◆ **What is being asked**: The expected output is every entry that follows, reproduced exactly.
--- Given information Enclosed Below ---
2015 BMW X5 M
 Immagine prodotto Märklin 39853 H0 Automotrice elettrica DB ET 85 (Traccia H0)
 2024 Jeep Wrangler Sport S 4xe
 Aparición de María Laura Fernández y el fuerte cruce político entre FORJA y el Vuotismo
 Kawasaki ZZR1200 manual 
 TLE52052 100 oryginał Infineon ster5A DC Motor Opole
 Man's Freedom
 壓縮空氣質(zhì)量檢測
--- End of Enclosed Given information ---
◆ **Result of this exercise**:
2015 BMW X5 M
 Immagine prodotto Märklin 39853 H0 Automotrice elettrica DB ET 85 (Traccia H0)
 2024 Jeep Wrangler Sport S 4xe
 Aparición de María Laura Fernández y el fuerte cruce político entre FORJA y el Vuotismo
 Kawasaki ZZR1200 manual 
 TLE52052 100 oryginał Infineon ster5A DC Motor Opole
 Man's Freedom
 壓縮空氣質(zhì)量檢測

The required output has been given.